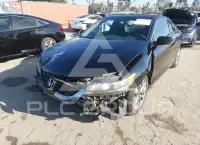 2014 Honda Accord фото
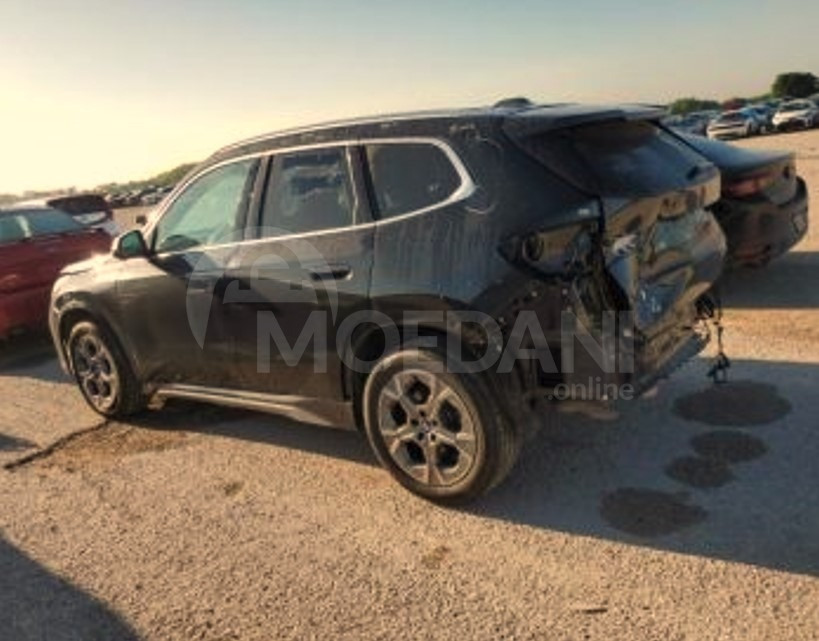 BMW X1 2023 Тбилиси - изображение 2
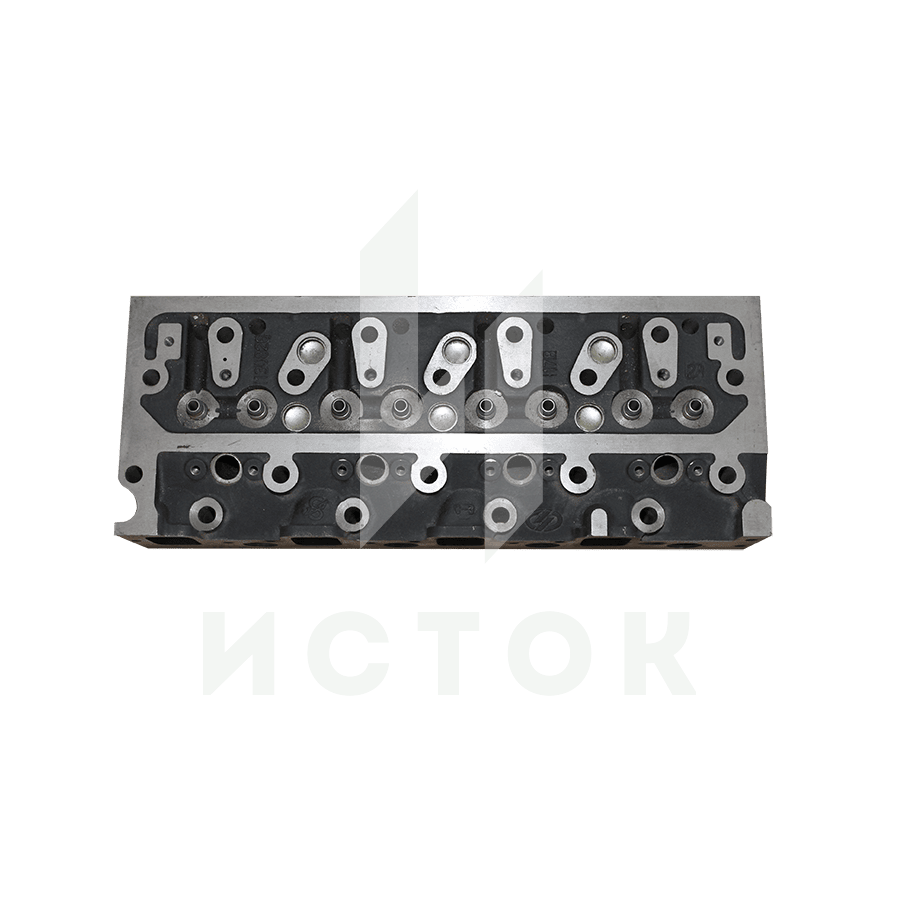 Головка блока двигателя YND 4102D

# [What needs to be done]
Word for word, quote the lines above. Omit the pictures.

# [Answer box]
 2014 Honda Accord фото
 BMW X1 2023 Тбилиси - изображение 2
 Головка блока двигателя YND 4102D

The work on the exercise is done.